SU(3) symmetry and its breaking effects in semileptonic heavy baryon decays

We employ the flavor SU(3) symmetry to analyze semileptonic decays of anti-triplet charmed baryons ($\Lambda^{+}_{c},\Xi_{c}^{+,0}$) and find that the experimental data on ${\cal B}(\Lambda_c\to\Lambda \ell^+\nu_{\ell})$ implies $\mathcal{B}(\Xi_c^0\to\Xi^-e^+\nu_{e})=(4.10\pm0.46)\%$ and $\mathcal{B}(\Xi_c^0\to\Xi^-\mu^+\nu_{\mu})= (3.98\pm0.57)\%$. When this prediction is confronted with recent experimental results from Belle collaboration $\mathcal{B}(\Xi_c^0\to\Xi^-e^+\nu_e)=1.31(04\pm07\pm38)\%$ and $\mathcal{B}(\Xi_c^0\to\Xi^-\mu^+\nu_{\mu})=1.27(06\pm10\pm 37)\%$, it is found that the SU(3) symmetry is severely broken.
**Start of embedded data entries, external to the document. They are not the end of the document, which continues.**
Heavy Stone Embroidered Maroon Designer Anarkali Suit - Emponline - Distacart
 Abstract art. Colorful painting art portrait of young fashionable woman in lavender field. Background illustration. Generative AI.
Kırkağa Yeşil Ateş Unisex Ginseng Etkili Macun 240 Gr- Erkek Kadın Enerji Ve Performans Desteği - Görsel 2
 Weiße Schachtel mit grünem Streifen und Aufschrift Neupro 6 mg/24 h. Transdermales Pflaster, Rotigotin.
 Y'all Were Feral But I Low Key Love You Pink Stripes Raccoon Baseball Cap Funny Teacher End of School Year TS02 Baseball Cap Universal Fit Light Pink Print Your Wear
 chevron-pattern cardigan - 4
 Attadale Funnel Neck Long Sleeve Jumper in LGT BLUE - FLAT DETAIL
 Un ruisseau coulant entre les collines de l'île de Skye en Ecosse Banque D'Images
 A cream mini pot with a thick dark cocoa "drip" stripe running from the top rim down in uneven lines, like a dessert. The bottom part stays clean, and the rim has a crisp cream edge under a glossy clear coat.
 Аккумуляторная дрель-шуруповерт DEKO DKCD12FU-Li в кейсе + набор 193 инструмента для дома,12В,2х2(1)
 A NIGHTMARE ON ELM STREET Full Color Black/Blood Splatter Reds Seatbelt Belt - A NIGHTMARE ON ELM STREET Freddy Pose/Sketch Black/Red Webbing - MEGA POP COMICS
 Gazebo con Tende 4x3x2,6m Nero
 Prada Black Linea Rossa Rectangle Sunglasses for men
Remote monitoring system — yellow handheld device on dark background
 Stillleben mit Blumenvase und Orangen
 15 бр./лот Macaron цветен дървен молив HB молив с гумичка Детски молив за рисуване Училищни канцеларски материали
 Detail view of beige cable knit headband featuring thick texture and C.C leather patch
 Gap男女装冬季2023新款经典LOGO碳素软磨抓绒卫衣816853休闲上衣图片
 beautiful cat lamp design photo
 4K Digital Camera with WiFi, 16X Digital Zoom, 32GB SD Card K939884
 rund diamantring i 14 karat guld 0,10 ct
We then consider the generic SU(3) breaking effects in these decays and find that the data can be accommodated in different scenarios but the breaking effects are inevitably large. In some interesting scenarios, we also explore the testable implications in these scenarios which can be tested with more data become available. Similar analyses are carried out for semileptonic anti-triplet beauty baryon to octet baryons and anti-triplet charmed baryons. The validity of SU(3) for these decays can also be examined when data become available.
Comment: 11 pages, 2 figures and 7 tables